Going by the book
It pays to read even if it means that you may get some felonious advice you don’t need.
In an age when many crimes are committed in the name of religious texts, there is almost a sense of relief to hear of a female Iranian serial killer who used Agatha Christie murder mysteries as templates for her crimes. The website wags had a field day, of course, with references to ‘Murders on the Occidental Express’ and the ‘Alif Ba Ta Murders’. The suspect is hardly the first to have sought felonious advice from the world of fiction. Horror writer Stephen King’s 1977 novel Rage is often cited as the inspiration for the US school shootings.
A few years ago, Polish police arrested author Krystian Bala after they found his best-selling thriller included a death scene whose details uncannily replicated that of an actual, unsolved murder that had taken place three years earlier. Copycatting can even get political: when coup-plotter Simon Mann was arrested in Zimbabwe in 2004 with a planeload of soldiers and weapons, the authorities soon realised they had aborted a real-life enactment of the plot of Frederick Forsyth’s The Dogs of War.

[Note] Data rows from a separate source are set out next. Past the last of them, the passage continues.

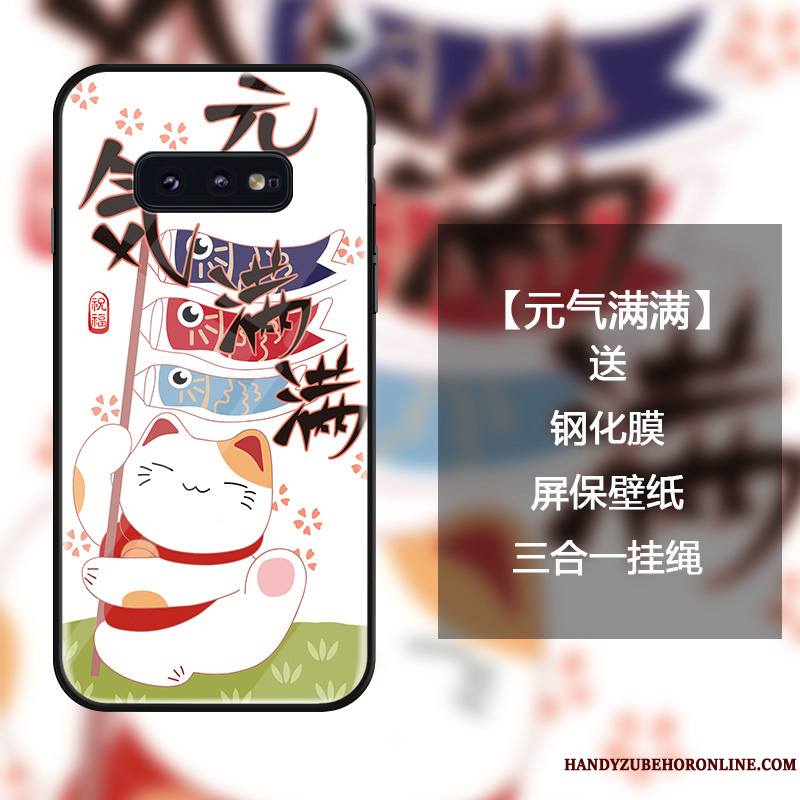 Samsung Galaxy S10e Coque Dessin Animé Mode Tout Compris Protection De Fête Chat Verre Trempé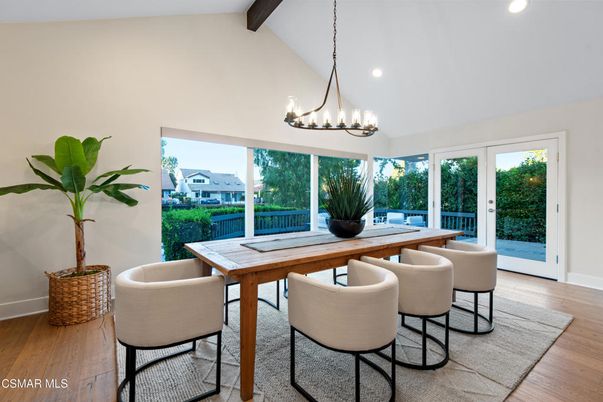 Chandelier, Dining room, Interior, Recessed Lighting, Wooden Beams, Wood Texture Flooring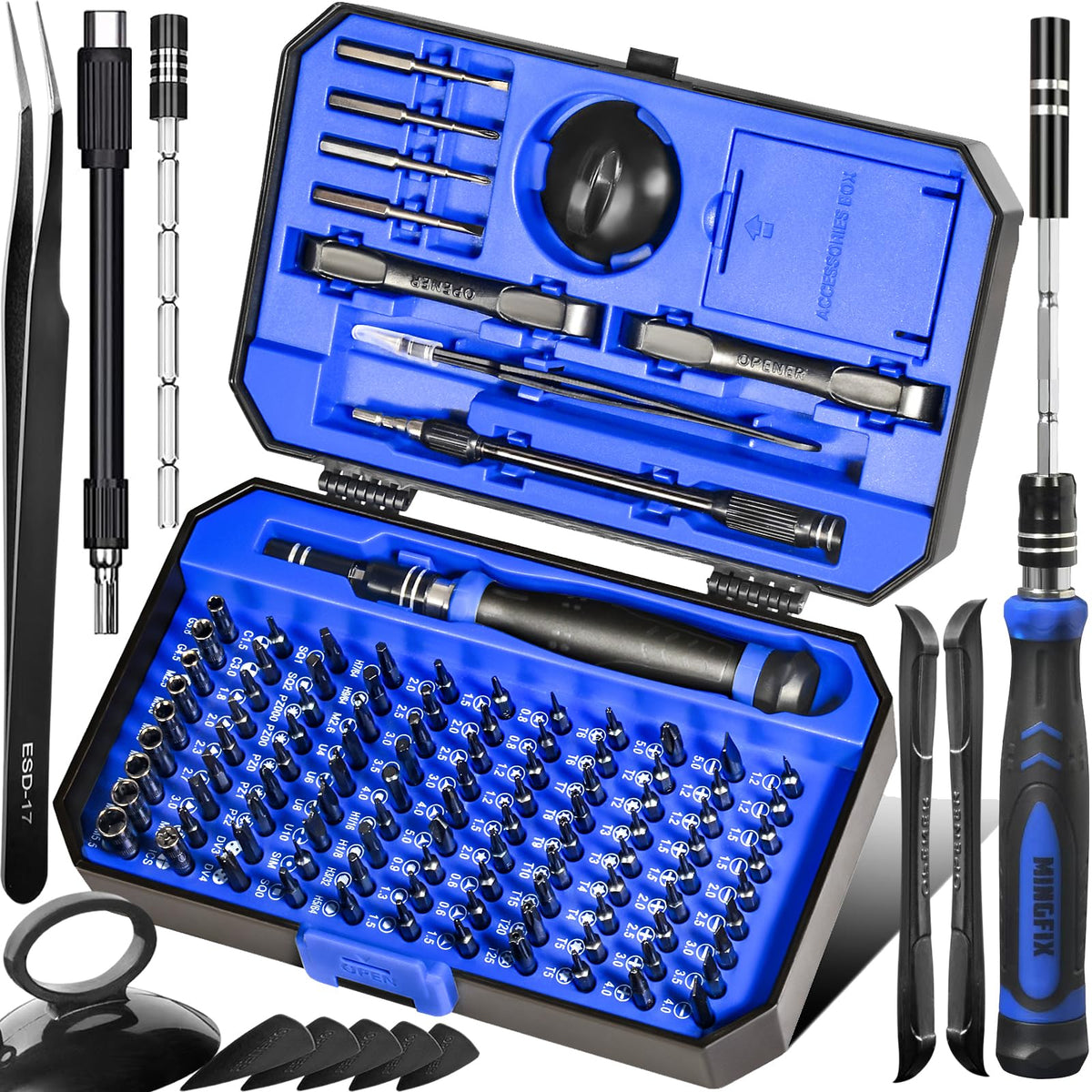 Precision Screwdriver Set with 103 Multi Bits, MINGFIX 115 in 1 Small Magnetic Repair Tool Kit for MacBook,Laptop,PC,Computers, iPhone, Electronics,PS5,PS4,Nintendo Switch, Xbox,Watches & Eye Glasses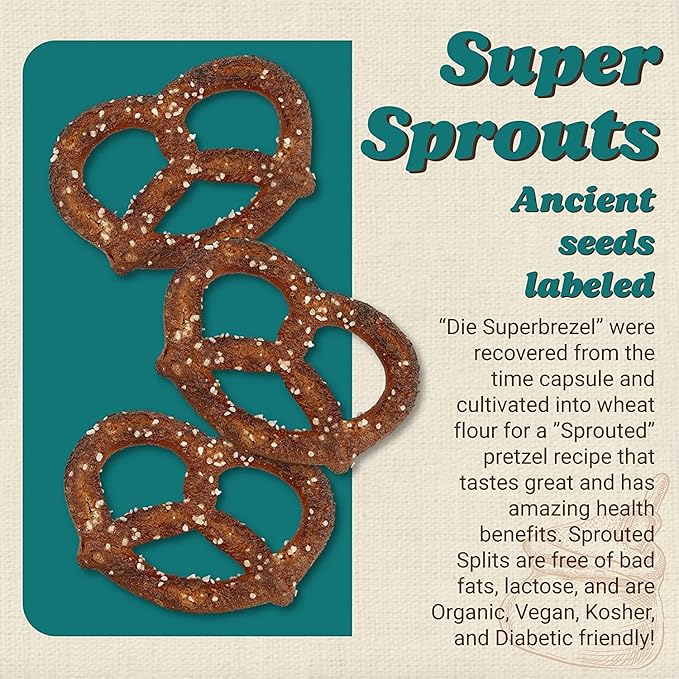 Unique Snacks Sprouted Splits Pretzels, Sprouted Pretzels, Delicious Homestyle Baked Snack Bag, OU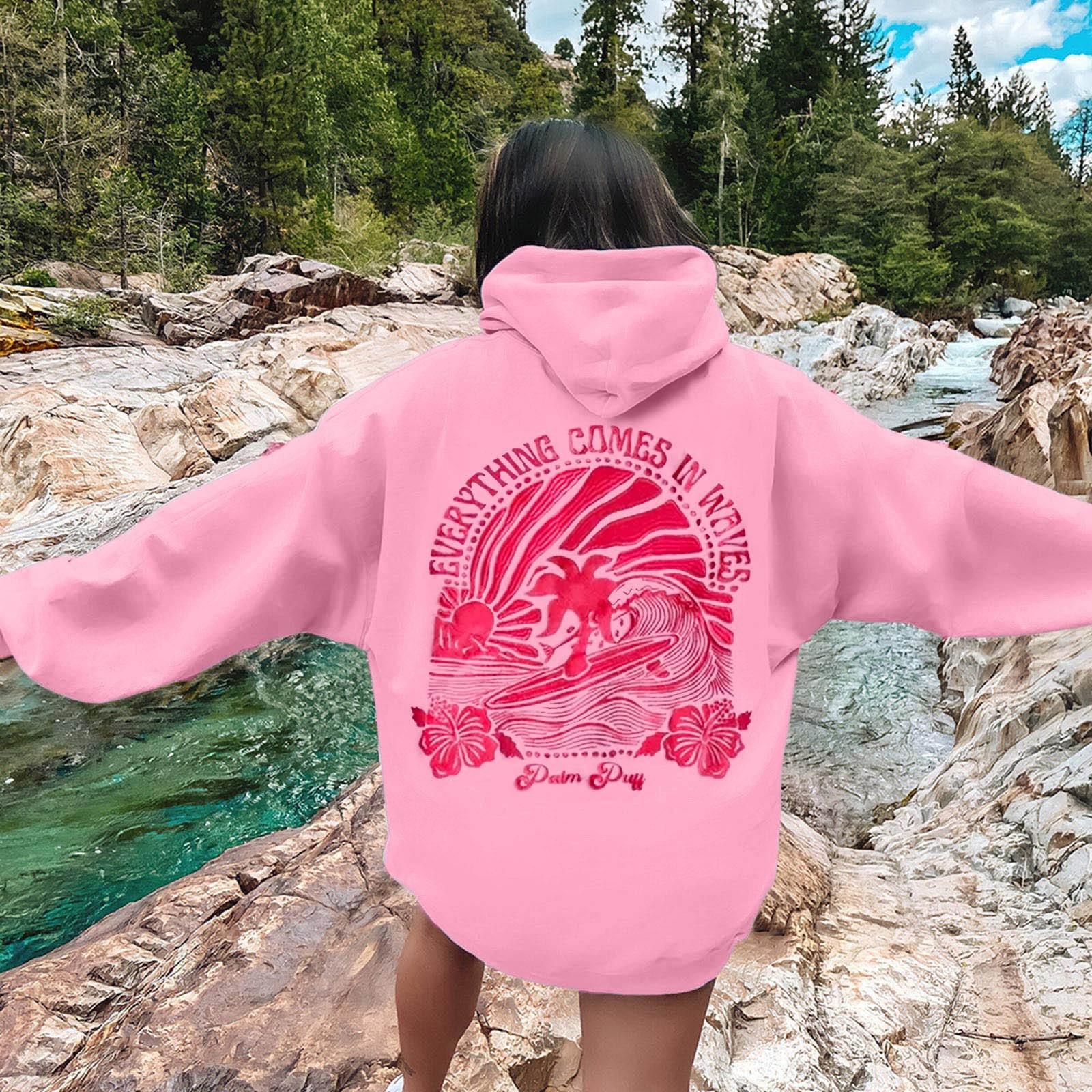 

2025 New European Size Women s Shoulder Sleeve Thread Chasing Sunsets Brand Sweater Hoodie Printing XXXL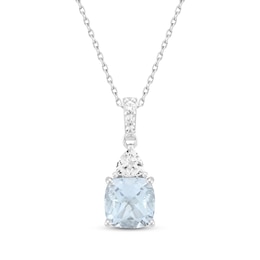 Cushion-Cut Aquamarine & White Lab-Created Sapphire Necklace Sterling Silver 18&quot;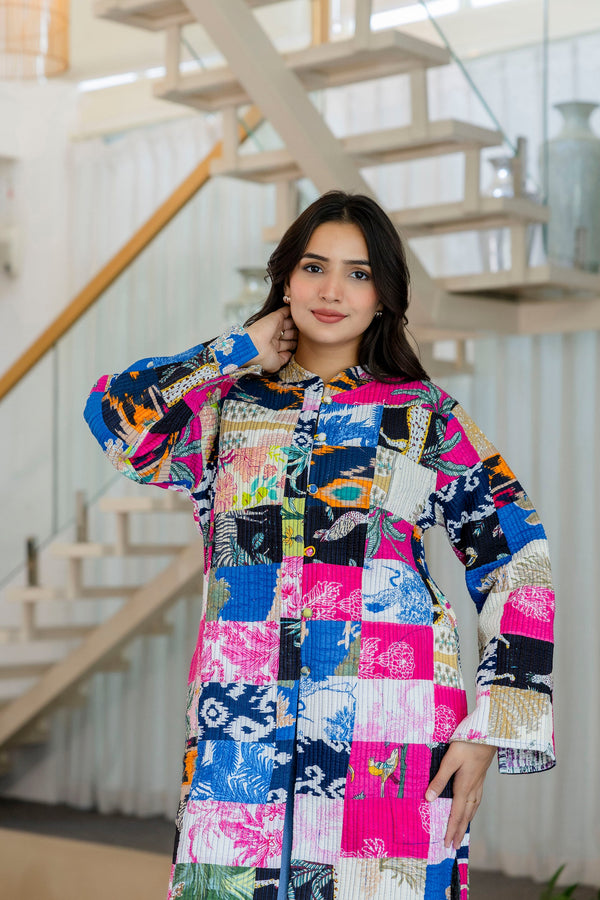 Mosaic Melody Reversible Kantha Quilted Jacket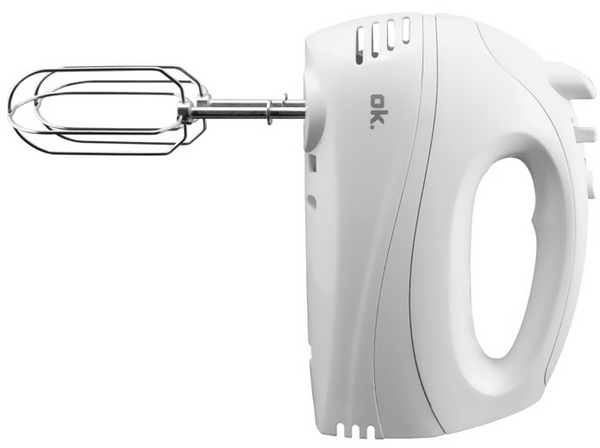 Amasadora - OK OHM 2519 W, 250 W, 5 velocidades, Botón turbo, Cable 1.8 m, Blanco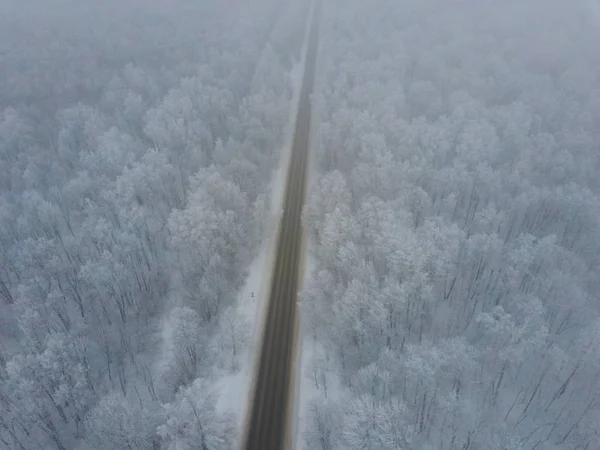 winter mountain road aerial view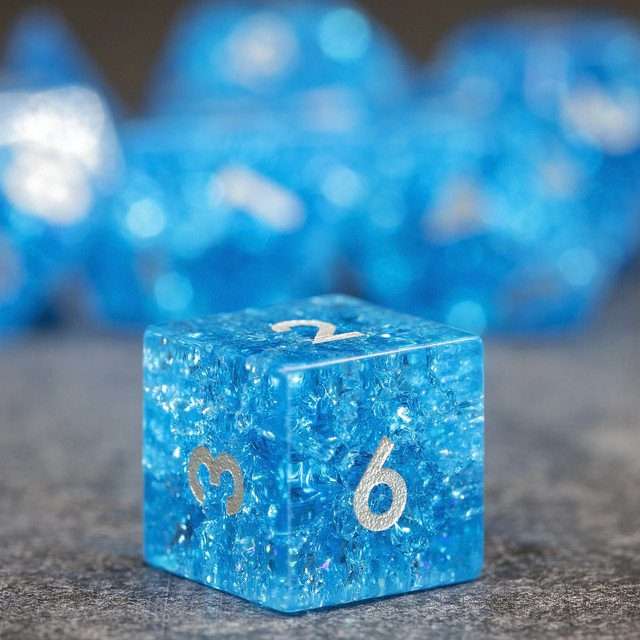 Sage's Kaleidoscopes Blue Cracked Glass Gloss Finish Polyhedral Dice Set - Sage's PortalGemstone Dice Set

So-called ‘copycat crime’ is today a full-blown academic discipline replete with psychological tomes and criminology lectures. Books can claim to have a longer history of providing murderous inspiration. Who now remembers that Goethe’s 1774 book The Sorrows of Young Werther was banned across Europe because many lovelorn youth dressed themselves, sat at writing desks and shot themselves like the book’s protagonist? More than a few novelists may take a certain secret pleasure in such developments. How much more sincere is the flattery when the imitator re-enacts it in blood.